Web page caption snippets:
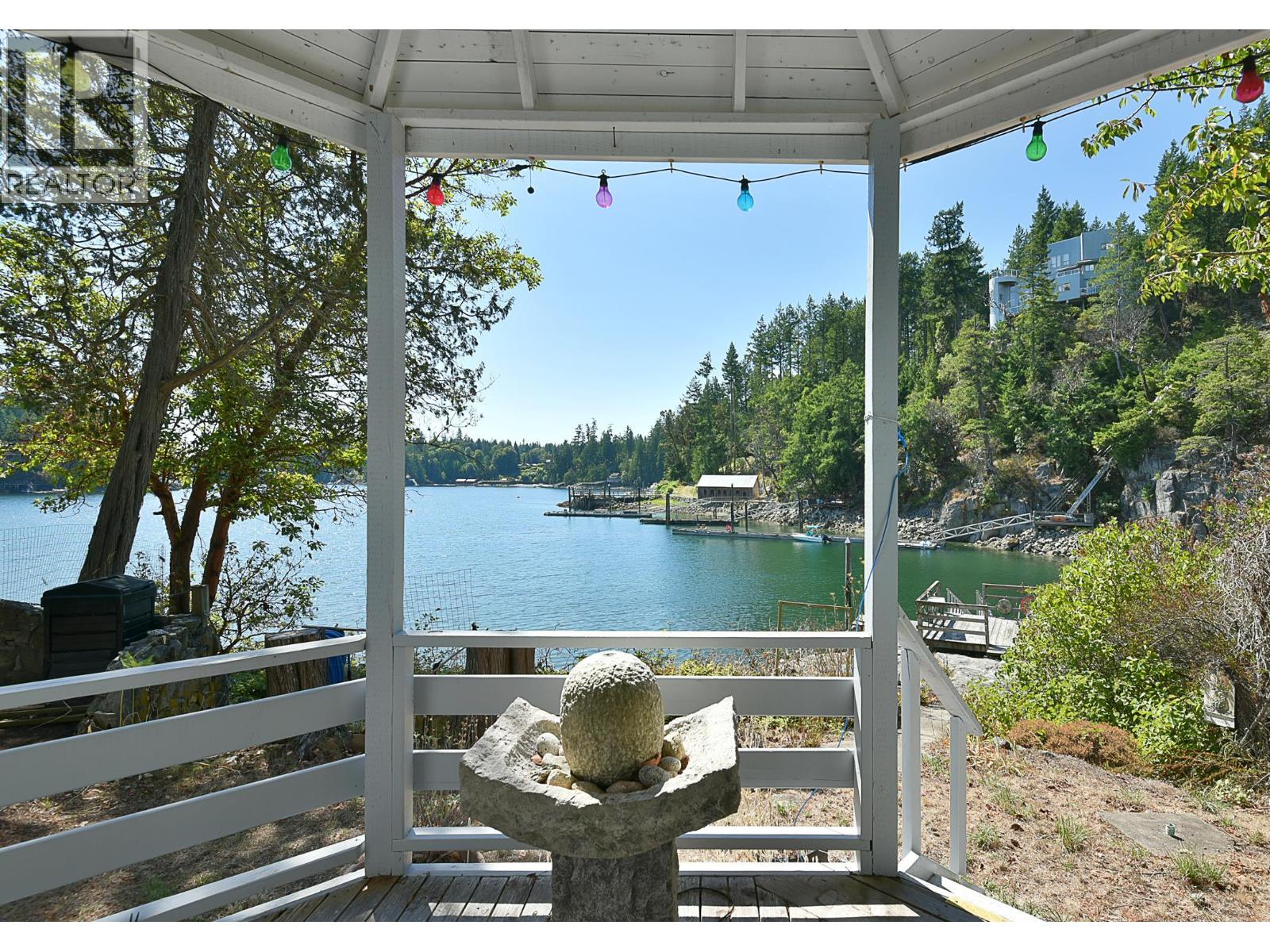 4776 FRANCIS PENINSULA ROAD, Pender Harbour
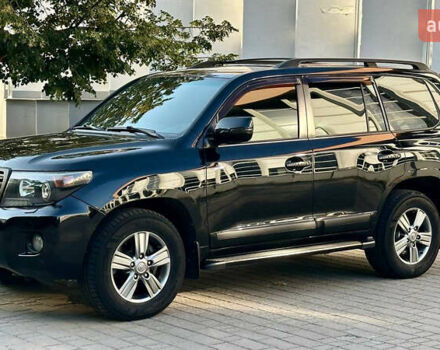 Чорний Тойота Ленд Крузер, об'ємом двигуна 4.46 л та пробігом 290 тис. км за 39000 $, фото 1 на Automoto.ua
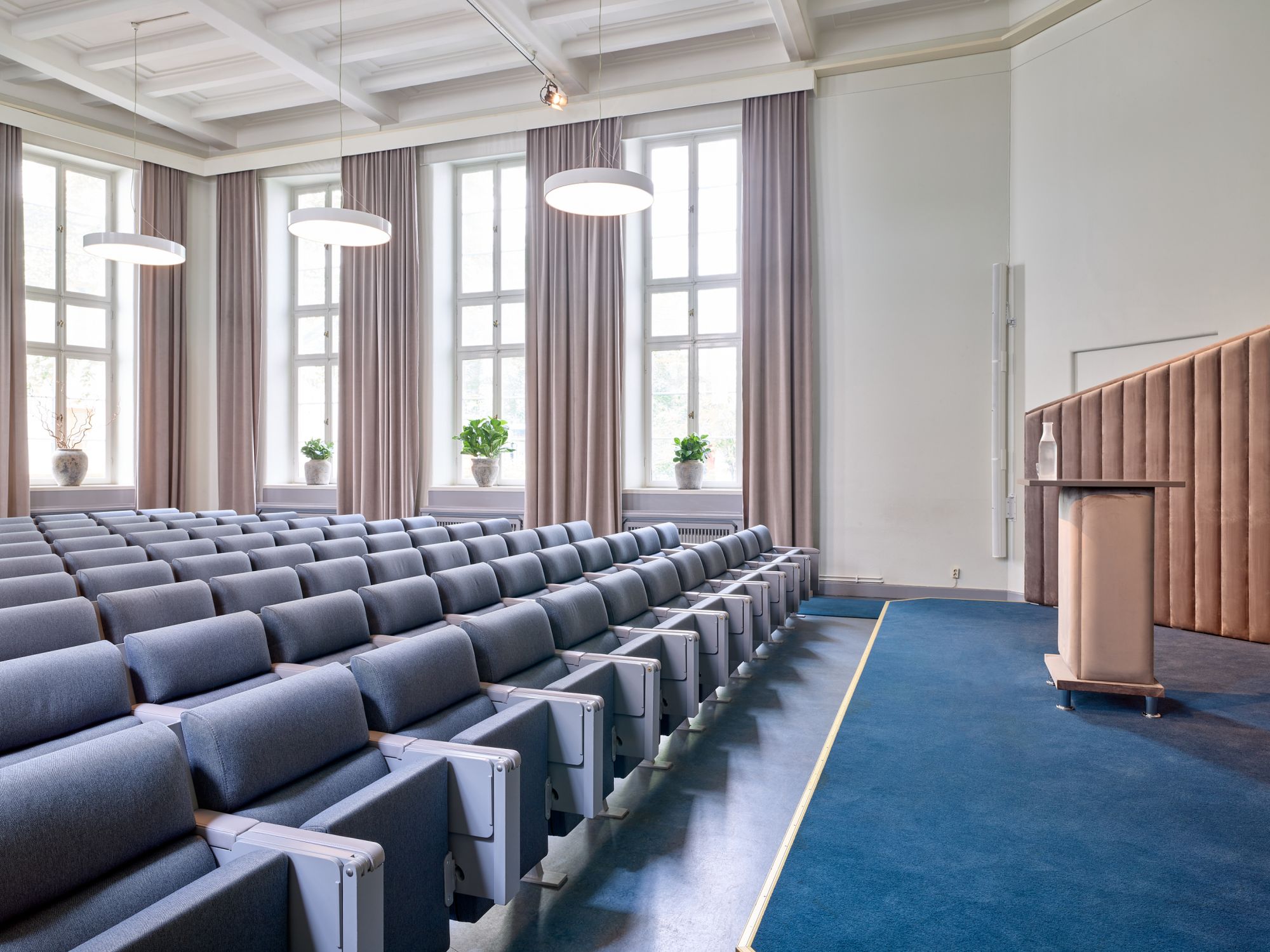 Ljus och modern möteslokal för företagseventet i Stockholm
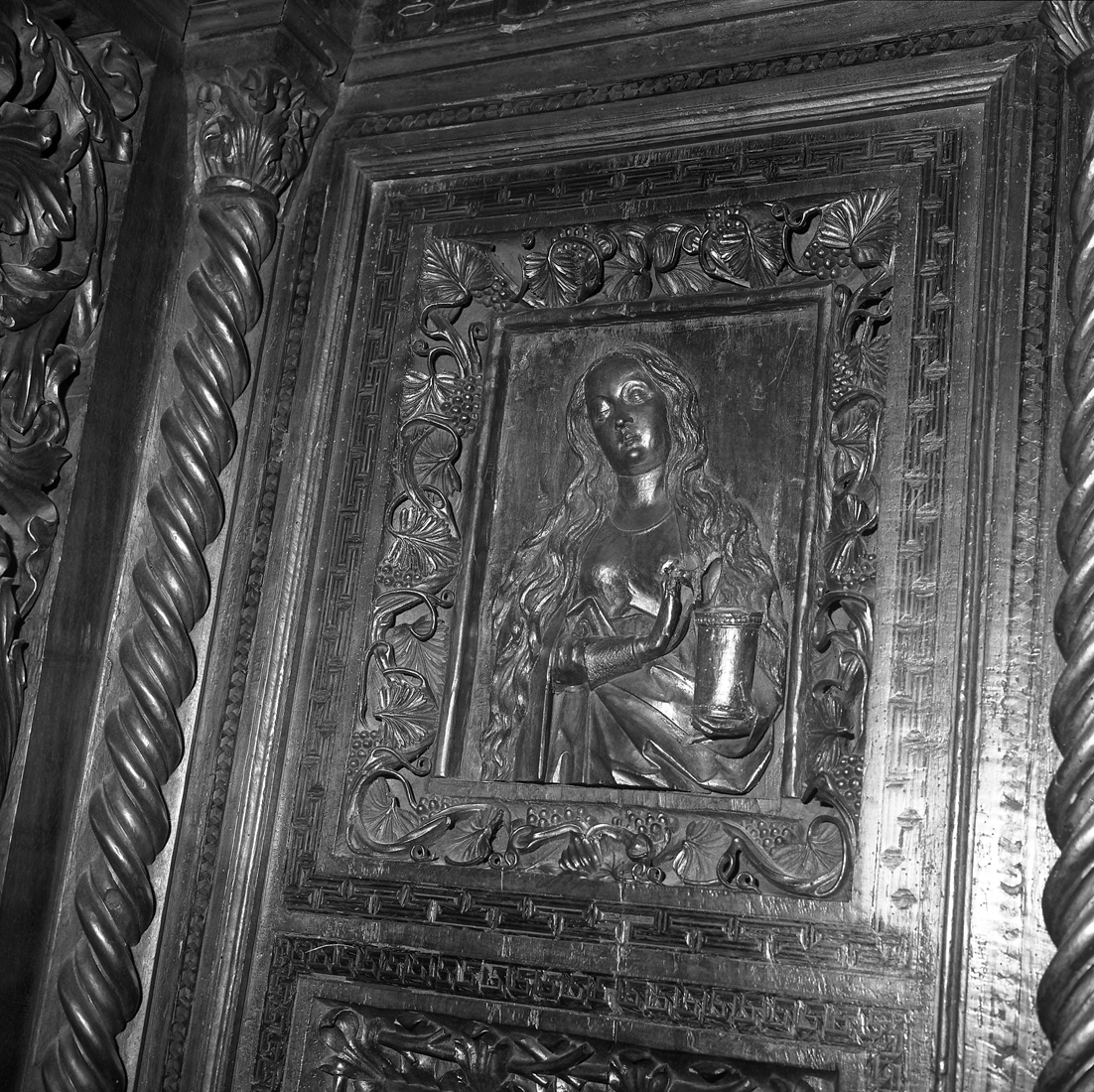 Santa Maria Maddalena (rilievo, elemento d'insieme) di Cozzi Marco (sec. XV)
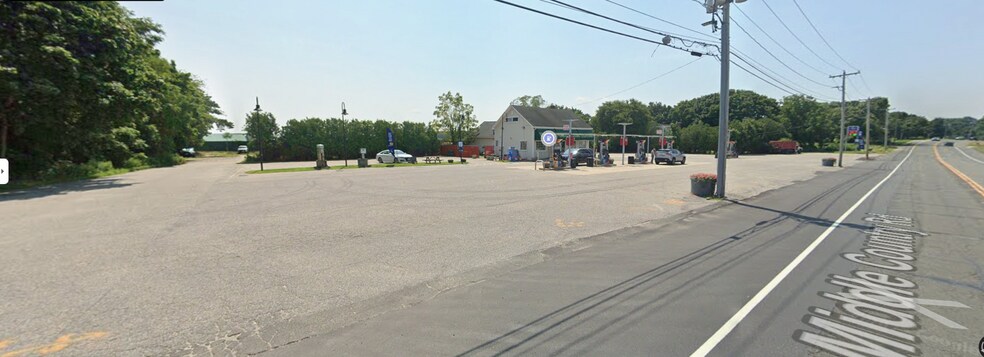 Primary Photo Of 4129 Middle Country Rd, Calverton General Retail For Lease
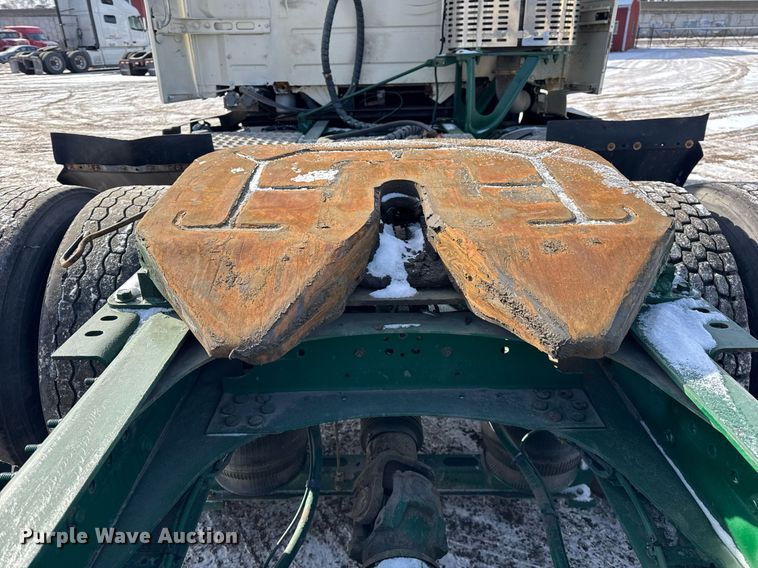 image for item DH9776 2012 Volvo VN Series semi truck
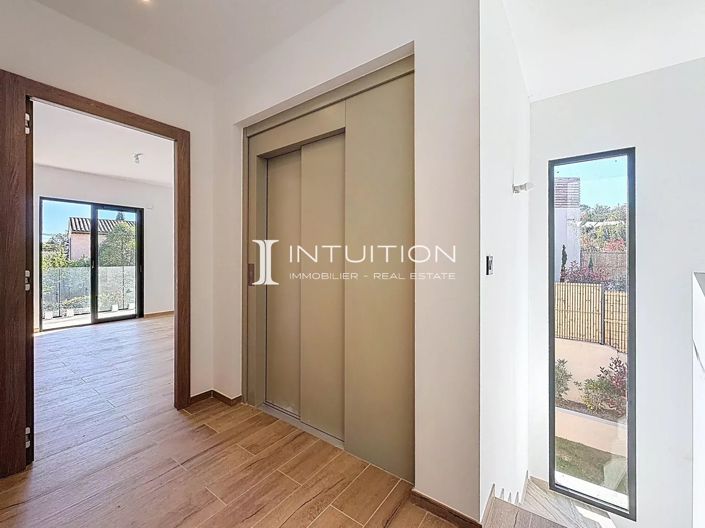 Image No.13-3 Bed House for sale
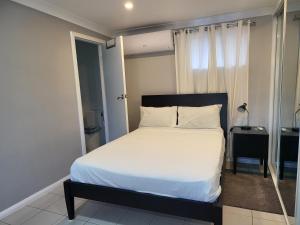 T&V Suites客房内的一张或多张床位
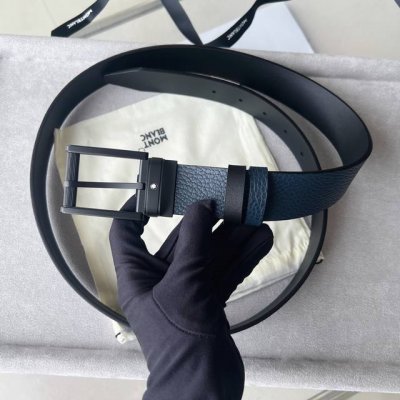 - Montblanc Square Buckle Black Blue Belt 35mm This reversible belt is a versat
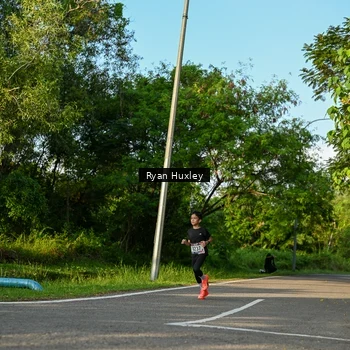 Runner Photo 8022657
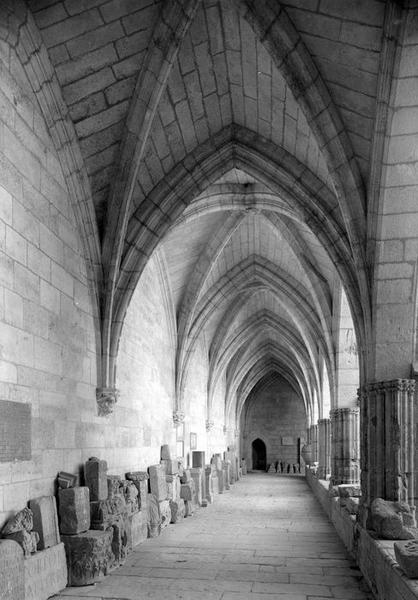 Vue générale d'une des galerie du cloître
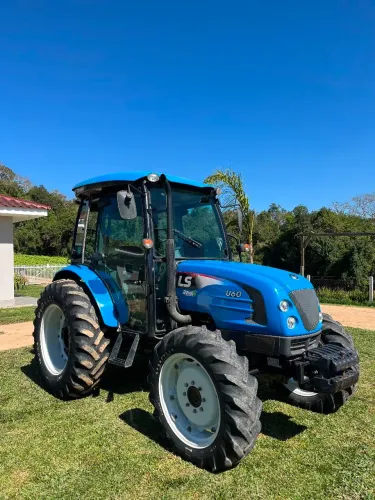 Trator LS u60 2017 gabinado único dono apenas 3.600 horas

**What is expected**
With the pictures removed, return the data above word for word.

**Written response**
 4776 FRANCIS PENINSULA ROAD, Pender Harbour
 Чорний Тойота Ленд Крузер, об'ємом двигуна 4.46 л та пробігом 290 тис. км за 39000 $, фото 1 на Automoto.ua
 Ljus och modern möteslokal för företagseventet i Stockholm
 Santa Maria Maddalena (rilievo, elemento d'insieme) di Cozzi Marco (sec. XV)
 Primary Photo Of 4129 Middle Country Rd, Calverton General Retail For Lease
 image for item DH9776 2012 Volvo VN Series semi truck
 Image No.13-3 Bed House for sale
 T&V Suites客房内的一张或多张床位
 - Montblanc Square Buckle Black Blue Belt 35mm This reversible belt is a versat
 Runner Photo 8022657
 Vue générale d'une des galerie du cloître
 Trator LS u60 2017 gabinado único dono apenas 3.600 horas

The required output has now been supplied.